I guess that means I deserve to be yelled at? I deserve to be called names, and told I’m worthless, right?

I’m pretty used to the way it hurts. My heart is very acquainted with that particular pain. That’s just life, you know? If I were really smart, and really beautiful, and a better person, then I’m sure he wouldn’t need to say those mean things.

He’s just trying to help, right? He wants me to be better than I am. He knows me and he says he loves me. So, that should make it alright for him to do anything he wants. At least, that’s what he tells me.

I don’t know where I’d go if I left – I don’t think my family would want me back. They must see the bad things about me that he sees too. So, I guess it’s best to stay where I am and try really, really hard to make him happy.

Maybe someday he’ll be happy with me, and then I can be happy too.

———-

One sad day there was a young woman who found herself lost in the woods. She wandered around, stumbling over roots and stones, scratching her legs and bruising her feet.

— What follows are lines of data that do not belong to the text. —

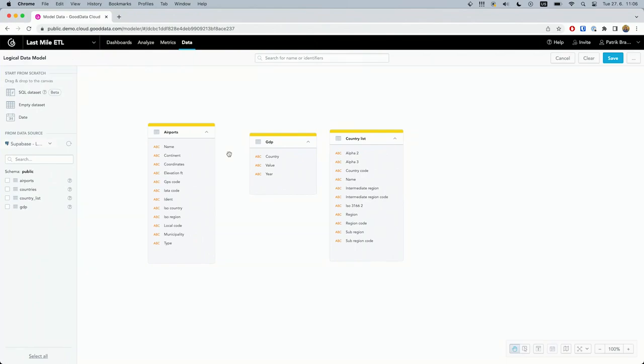That's where Last Mile ETL comes in. It changes the data transformation process by allowing you to do everything in one tool. Let's discover Last Mile ETL through exploratory analytics.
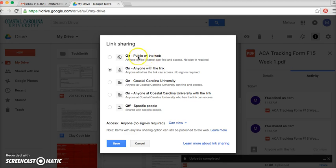You have different options: public, just with Coastal, or just with specific people. I'm saving that.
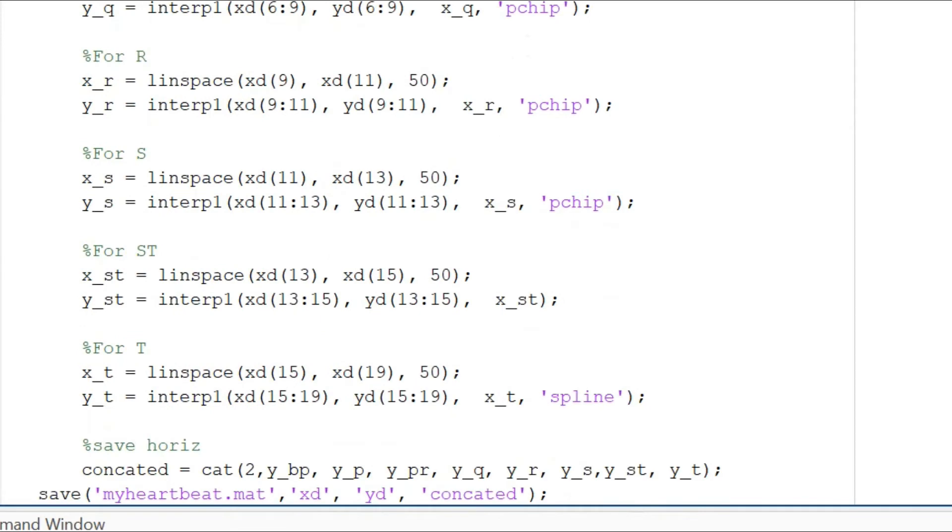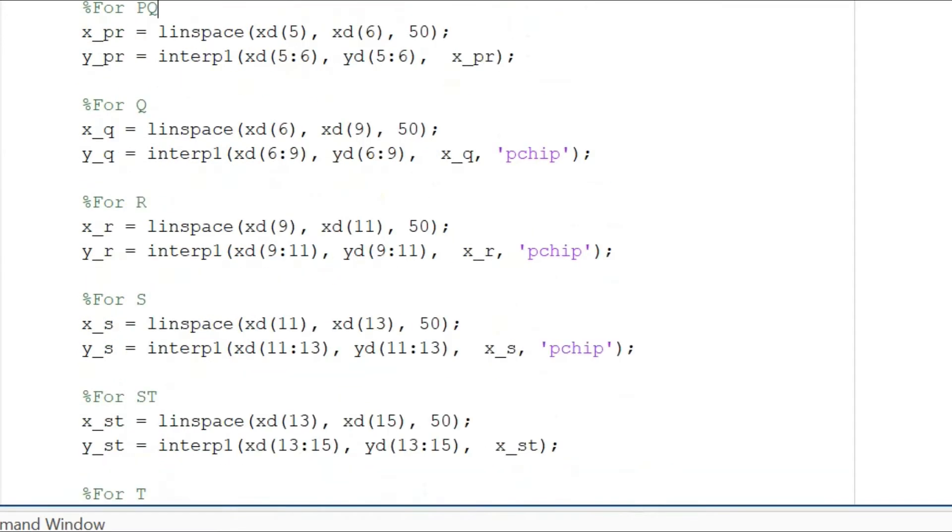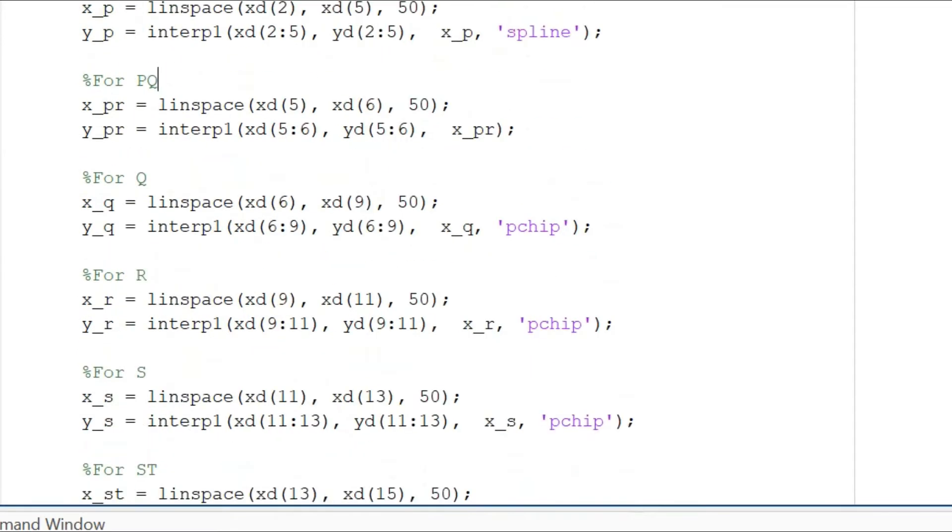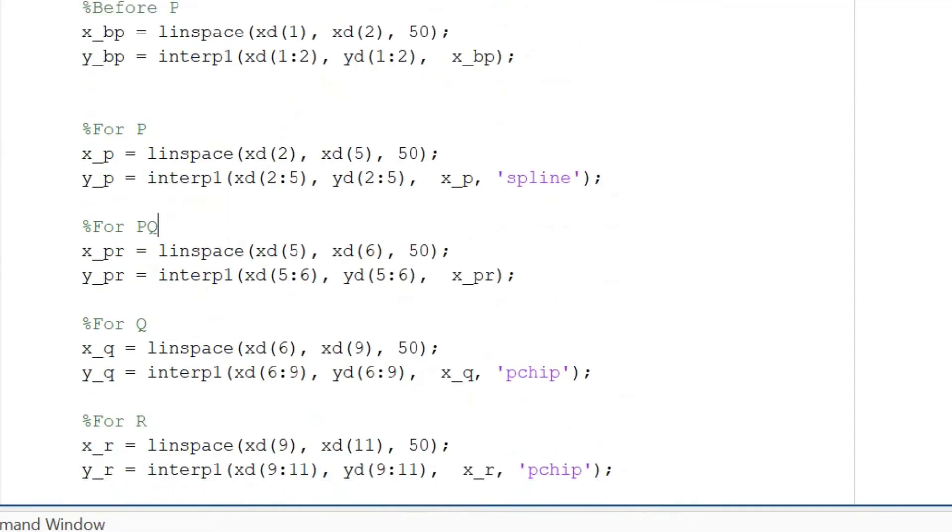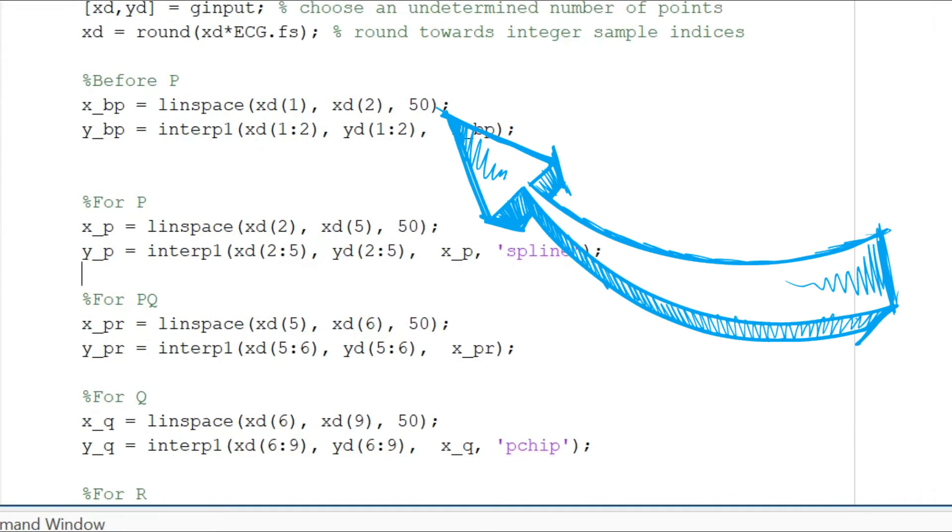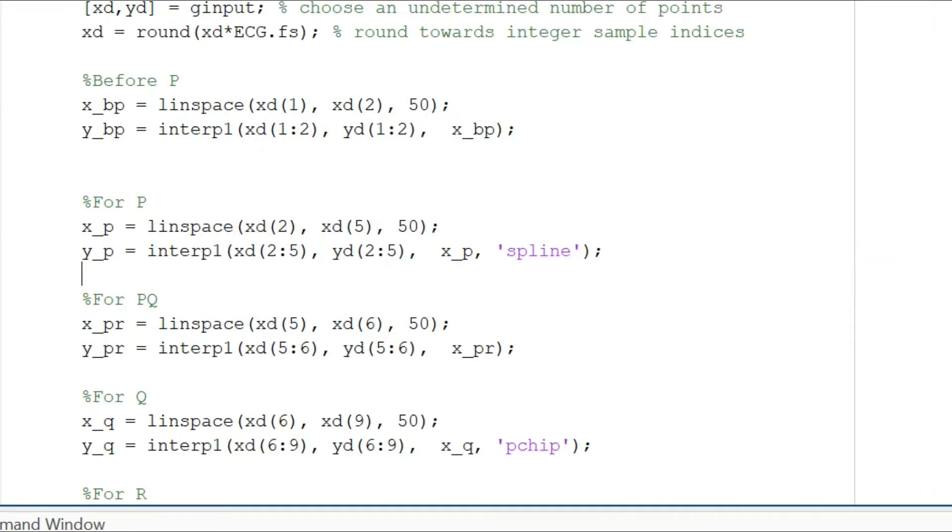This rounding off function is just so that we can get integer number of samples. The rest of the function is pretty straightforward. I will just explain what I have written over here. With this particular statement I indicate that I need 50 points between the XD first value and the XD second value.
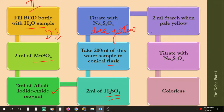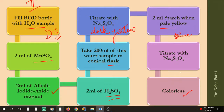The remaining steps are the same: titrate until it becomes pale yellow, then add starch — the color turns blue — then titrate again with sodium thiosulfate until it becomes colorless. At that point you record the reading. This is what you are going to do virtually.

She cried out in terror over and over again for someone to come and help her, but no one answered. No one came.

She eventually found what looked like a path of sorts, so she carefully followed it, and after a long while came out of the woods into a beautiful meadow covered with golden flowers that smelled sweeter than anything she had ever smelled before.  The young woman had never seen a field so full to overflowing with such beauty. It almost blinded her.

She should have been afraid, because she didn’t know where she was, but she wasn’t afraid at all. She listened for a while to the bees and the crickets, felt the warm, soft breeze caress her face, and watched the sun as it moved across the cloudless blue sky touching everything with life.

While she was standing there in that peaceful place, she thought she heard a still, quiet voice on the wind. She strained her ears to hear it more clearly, and suddenly heard a voice that sounded strong, yet gentle whisper oh, so softly, that he was watching over her.

A sob caught in her throat, and as she fell to her knees, that comforting voice began to sing a song to her of how much she was loved, and how beautiful he saw her, and how she was one of his most cherished creations. As the hot tears streamed silently down her face, the song came to an end on a fading note of hope.

As a parting gift, the wind softly stroked her face as if with a caressing finger.

When she opened her eyes, she was no longer in the meadow, or the woods. She was in her own home, surrounded by her own things. She turned around and looked at herself in the mirror. For the first time in many years, she saw herself just the way her Creator saw her.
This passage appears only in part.